A gal named Peggy asked me this question:
The business has undergone a loan refinancing. I need to close out the old loan and open a new one with the new balance and new account number. Can you help? Thanks.
There might be other ways, but here’s how I would do it.
When dealing with a loan refinancing, it is important that the old loan has been reconciled. Please do not neglect this step. We will transfer the reconciled balance from the old loan to the new one.
After the old loan has been reconciled, make a note of the ending balance. Go to the Chart of Accounts and set up a new Long Term Liability account. Name it something that looks like this:
Bank of America 9876
“Bank of America” represents the name of the financial institution that holds the loan, and “9876” represents the last four digits of the loan account number. Once this is set up, go to the Transfer Funds screen:
Banking > Transfer Funds
Enter the date of the new loan. In the “Transfer funds from” box, select the NEW loan account. In the “Transfer funds to” box, enter the OLD loan account. I realize that this seems backwards, but I will explain it below. In the Amount box, enter the ending (reconciled) balance of the old loan account. In the memo line, type something like this:
“Closes old loan, and opens new loan 9876” or something similar. Save the transaction.
Now go back to the Chart of Accounts. The old loan should have a zero balance, and the new loan should have the correct starting balance. Make the old loan account inactive by right clicking, and selecting Make Account Inactive. You can then hide it by making the appropriate selection in the Chart of Accounts.
Why are the Transfer accounts switched when recording a loan refinancing?
It’s because of the terminology of QuickBooks. The Transfer Funds From box creates a credit for the selected account, and the Transfer Funds To box creates a debit for the selected account.
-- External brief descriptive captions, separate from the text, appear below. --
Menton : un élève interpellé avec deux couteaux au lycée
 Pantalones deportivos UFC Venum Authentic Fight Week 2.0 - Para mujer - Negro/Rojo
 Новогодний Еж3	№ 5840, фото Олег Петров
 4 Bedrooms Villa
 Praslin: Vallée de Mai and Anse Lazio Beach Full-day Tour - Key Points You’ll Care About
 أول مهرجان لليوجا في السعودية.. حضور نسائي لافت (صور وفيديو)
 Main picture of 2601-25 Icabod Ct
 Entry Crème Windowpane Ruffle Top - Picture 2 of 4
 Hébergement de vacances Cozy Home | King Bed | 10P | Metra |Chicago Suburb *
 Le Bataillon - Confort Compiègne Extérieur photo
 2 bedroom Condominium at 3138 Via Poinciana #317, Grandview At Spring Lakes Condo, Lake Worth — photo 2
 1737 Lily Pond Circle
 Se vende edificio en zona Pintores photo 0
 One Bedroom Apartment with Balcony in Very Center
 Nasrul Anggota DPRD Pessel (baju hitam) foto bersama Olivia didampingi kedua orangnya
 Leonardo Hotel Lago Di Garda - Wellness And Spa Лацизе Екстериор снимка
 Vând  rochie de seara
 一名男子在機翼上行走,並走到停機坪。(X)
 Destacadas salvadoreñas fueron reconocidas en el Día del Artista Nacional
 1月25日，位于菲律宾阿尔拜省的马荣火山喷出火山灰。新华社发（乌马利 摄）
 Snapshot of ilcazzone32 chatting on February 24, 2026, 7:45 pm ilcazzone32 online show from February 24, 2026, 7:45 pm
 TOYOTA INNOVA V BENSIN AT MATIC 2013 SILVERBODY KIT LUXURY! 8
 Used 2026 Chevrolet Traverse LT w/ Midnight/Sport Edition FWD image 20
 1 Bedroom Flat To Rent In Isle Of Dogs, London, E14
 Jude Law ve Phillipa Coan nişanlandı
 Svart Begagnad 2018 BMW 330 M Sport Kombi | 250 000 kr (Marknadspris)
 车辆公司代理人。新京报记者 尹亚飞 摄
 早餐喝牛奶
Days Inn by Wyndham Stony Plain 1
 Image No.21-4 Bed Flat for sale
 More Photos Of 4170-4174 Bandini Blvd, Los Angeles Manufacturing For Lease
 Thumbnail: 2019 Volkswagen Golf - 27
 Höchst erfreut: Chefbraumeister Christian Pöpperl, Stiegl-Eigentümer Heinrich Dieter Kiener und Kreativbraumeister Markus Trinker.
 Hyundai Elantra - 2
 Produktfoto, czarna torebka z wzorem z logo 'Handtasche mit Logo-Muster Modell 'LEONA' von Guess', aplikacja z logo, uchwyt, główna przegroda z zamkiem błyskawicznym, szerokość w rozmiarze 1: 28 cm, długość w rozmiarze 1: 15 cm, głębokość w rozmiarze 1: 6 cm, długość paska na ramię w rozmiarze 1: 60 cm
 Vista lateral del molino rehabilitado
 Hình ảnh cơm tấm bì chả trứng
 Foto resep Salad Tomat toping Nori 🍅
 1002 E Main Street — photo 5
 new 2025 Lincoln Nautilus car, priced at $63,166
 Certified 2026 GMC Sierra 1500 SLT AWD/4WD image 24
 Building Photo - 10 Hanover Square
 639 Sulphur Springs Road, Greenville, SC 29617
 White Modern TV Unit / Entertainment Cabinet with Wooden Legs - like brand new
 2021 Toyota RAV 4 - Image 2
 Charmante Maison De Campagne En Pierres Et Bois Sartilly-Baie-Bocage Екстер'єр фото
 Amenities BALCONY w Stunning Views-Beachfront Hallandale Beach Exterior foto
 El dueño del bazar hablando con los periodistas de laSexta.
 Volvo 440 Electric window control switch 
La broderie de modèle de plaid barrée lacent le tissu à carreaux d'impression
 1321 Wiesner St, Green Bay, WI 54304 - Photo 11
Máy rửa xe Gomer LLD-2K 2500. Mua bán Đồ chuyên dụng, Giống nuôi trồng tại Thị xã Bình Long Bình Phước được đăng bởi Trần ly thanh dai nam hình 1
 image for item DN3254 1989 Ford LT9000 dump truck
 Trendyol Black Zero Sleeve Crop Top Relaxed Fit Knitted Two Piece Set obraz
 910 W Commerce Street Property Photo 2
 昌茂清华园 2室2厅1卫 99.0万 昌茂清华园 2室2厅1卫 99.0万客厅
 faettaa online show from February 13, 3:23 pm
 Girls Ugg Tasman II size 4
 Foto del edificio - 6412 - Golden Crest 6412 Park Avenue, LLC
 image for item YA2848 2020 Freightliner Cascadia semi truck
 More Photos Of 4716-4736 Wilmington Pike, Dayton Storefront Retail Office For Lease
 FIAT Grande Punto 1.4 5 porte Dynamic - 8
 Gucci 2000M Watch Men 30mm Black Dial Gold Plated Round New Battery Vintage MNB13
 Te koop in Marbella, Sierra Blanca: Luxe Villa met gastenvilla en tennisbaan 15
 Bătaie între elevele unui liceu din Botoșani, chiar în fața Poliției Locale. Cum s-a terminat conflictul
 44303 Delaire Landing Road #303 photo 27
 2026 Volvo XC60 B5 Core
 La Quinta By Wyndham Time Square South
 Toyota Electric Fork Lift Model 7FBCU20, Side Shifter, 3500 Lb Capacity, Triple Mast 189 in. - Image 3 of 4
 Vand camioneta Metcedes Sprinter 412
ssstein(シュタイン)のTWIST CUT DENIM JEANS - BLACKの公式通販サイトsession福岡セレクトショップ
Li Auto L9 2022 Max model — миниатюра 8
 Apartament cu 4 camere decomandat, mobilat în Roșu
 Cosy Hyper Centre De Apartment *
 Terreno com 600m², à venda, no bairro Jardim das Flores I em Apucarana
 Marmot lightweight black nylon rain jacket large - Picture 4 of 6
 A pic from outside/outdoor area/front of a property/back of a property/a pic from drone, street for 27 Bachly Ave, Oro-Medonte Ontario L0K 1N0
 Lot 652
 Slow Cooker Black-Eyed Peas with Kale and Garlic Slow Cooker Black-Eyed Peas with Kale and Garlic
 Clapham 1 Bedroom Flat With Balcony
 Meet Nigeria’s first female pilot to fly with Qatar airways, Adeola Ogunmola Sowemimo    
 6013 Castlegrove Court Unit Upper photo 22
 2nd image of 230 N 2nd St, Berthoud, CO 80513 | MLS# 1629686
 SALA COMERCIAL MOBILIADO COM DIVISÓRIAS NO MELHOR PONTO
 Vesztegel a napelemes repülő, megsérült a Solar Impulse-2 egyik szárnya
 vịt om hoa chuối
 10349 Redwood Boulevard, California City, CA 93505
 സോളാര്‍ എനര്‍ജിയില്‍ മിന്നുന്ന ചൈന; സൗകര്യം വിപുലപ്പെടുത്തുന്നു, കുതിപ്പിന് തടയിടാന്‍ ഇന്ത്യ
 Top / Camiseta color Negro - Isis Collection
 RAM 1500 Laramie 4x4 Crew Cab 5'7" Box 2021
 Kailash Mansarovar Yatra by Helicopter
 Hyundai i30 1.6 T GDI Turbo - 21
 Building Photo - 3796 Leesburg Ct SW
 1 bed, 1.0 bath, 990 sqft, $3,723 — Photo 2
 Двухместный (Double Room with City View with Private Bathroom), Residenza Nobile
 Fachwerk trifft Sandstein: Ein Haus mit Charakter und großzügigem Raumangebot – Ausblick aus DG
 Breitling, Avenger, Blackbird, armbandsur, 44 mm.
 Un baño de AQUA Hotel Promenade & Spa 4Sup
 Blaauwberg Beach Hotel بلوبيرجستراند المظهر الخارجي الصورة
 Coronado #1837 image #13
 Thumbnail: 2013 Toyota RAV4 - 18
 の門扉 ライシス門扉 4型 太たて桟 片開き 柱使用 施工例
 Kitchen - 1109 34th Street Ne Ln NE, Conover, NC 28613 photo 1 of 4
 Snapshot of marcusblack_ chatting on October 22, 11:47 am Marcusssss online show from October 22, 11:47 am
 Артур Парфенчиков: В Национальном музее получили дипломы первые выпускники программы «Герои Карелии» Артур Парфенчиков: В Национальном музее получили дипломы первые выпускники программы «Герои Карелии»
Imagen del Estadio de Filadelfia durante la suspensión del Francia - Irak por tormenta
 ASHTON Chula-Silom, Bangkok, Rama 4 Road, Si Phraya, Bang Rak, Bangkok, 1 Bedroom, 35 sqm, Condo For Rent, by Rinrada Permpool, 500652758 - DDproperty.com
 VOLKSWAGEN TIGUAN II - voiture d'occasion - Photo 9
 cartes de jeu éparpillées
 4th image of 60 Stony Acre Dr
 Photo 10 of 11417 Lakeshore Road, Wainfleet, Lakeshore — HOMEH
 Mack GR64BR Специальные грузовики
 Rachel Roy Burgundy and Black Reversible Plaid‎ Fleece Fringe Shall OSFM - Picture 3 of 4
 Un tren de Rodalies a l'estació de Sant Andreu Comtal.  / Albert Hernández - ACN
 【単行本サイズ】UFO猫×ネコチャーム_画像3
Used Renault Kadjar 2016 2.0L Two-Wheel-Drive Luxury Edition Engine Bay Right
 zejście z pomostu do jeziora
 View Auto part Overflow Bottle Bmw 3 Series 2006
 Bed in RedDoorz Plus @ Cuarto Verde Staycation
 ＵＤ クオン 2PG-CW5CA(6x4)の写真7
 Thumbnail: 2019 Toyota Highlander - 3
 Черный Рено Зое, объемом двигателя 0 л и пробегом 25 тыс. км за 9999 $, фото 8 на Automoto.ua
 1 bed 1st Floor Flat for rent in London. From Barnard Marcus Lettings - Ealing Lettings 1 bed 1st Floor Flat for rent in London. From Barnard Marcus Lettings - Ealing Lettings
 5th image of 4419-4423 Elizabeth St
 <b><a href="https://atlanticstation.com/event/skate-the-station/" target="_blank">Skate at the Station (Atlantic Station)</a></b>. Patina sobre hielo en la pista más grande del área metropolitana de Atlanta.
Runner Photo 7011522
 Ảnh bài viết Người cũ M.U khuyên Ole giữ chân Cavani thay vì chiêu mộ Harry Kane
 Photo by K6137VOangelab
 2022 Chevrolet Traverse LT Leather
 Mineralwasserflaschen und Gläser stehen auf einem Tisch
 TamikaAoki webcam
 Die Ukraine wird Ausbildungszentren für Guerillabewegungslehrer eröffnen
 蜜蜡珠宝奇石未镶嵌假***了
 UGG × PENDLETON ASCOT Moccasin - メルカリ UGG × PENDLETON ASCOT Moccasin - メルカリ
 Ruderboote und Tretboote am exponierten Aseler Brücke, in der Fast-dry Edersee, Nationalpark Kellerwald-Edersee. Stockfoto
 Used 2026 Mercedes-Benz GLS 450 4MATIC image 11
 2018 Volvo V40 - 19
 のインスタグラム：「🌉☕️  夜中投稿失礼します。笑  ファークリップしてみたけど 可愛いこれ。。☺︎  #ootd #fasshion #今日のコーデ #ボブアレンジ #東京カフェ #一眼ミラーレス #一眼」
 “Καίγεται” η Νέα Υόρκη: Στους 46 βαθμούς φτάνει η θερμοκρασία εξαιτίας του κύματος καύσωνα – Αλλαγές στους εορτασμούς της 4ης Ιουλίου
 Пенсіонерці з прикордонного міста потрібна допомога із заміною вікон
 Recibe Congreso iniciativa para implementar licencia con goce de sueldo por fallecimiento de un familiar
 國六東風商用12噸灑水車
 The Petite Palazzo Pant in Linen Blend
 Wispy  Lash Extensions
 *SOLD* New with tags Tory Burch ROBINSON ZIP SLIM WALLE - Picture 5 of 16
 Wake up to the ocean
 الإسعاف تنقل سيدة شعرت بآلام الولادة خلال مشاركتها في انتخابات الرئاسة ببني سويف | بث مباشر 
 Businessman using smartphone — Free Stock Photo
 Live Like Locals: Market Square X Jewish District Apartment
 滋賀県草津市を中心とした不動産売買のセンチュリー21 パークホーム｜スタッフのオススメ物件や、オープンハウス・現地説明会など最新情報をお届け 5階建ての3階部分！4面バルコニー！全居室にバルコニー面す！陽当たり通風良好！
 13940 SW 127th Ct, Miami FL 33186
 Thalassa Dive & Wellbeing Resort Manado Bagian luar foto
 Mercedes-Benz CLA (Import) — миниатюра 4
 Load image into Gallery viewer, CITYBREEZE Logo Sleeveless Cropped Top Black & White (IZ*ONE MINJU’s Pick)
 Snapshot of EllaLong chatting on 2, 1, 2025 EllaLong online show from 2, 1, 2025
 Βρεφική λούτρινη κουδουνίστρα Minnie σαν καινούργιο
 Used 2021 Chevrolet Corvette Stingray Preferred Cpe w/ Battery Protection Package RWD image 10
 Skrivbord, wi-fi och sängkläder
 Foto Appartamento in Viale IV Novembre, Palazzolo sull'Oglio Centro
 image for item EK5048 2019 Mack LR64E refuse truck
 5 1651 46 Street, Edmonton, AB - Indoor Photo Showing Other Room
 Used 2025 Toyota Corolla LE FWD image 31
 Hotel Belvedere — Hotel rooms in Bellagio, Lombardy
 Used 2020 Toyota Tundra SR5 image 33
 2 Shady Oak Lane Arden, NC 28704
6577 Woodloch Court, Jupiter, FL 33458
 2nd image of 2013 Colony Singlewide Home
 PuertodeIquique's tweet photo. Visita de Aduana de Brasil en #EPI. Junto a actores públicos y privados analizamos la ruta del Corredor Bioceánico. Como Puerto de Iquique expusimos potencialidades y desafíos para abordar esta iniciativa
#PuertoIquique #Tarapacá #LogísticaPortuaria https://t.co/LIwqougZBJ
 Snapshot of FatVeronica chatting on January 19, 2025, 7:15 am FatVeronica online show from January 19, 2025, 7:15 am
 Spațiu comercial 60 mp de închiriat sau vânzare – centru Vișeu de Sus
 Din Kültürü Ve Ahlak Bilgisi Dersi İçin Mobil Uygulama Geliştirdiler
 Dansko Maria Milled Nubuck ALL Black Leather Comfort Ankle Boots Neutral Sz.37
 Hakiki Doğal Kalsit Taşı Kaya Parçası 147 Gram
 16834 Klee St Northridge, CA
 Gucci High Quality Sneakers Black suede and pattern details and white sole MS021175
This window is designed for transferring cash funds, but we are not transferring cash (with a debit balance), we are transferring debt (with a credit balance). Thus, we must credit the new loan account to raise it’s balance, and debit the old loan account to lower it. Many accountants might recommend the General Journal, but I like to use the Transfer Funds window when the transaction involves only Balance Sheet accounts, and when there is only one entry for the debit and one entry for the credit.
If you could let me know if these loan refinancing instructions were helpful or not I’d appreciate it. Thanks.
Your advice and instructions worked perfectly. This took all of 2 minutes to do, thank you. However, it led to more questions.
I followed your instructions and understood them, but found that the old loans were originally entered as Expenses, so I couldn’t “transfer funds.” It appears the loans have to be entered as “Long Term Liabilities” when you use the Transfer Funds screen.
I came to this conclusion because the drop-down list in the Transfer Funds screen doesn’t include Expenses. I tried to change the old loans so they would be long term liabilities and it wouldn’t let me do that. So, these loans must have been set up incorrectly to begin with.
Your answer tells me that my instincts were correct when I asked you to use the Transfer Funds window. Had I instructed you to use the General Journal, the problem you now describe might not have been as clearly revealed.
You are correct that the Transfer Funds screen does not include Expense accounts. The Transfer Funds screen is truly for “transferring funds,” (or debt); it’s not for making adjustments of other kinds.
Here is the new problem, and unfortunately it is complex: only a portion of a loan payment is an expense, the interest portion. The portion that pays down the principle of the loan is NOT an expense. That portion should have been applied to the loan balance, which should have been setup on the Balance Sheet.
It sounds like the profit for this company is being understated. This is because the entire loan payment is being posted to the expense account, instead of only the interest portion of the loan payment. I suggest getting professional, paid, help to rectify this problem. It’s creating inaccurate financial statements, which is probably leading to incorrect tax returns. Thanks again for the feedback.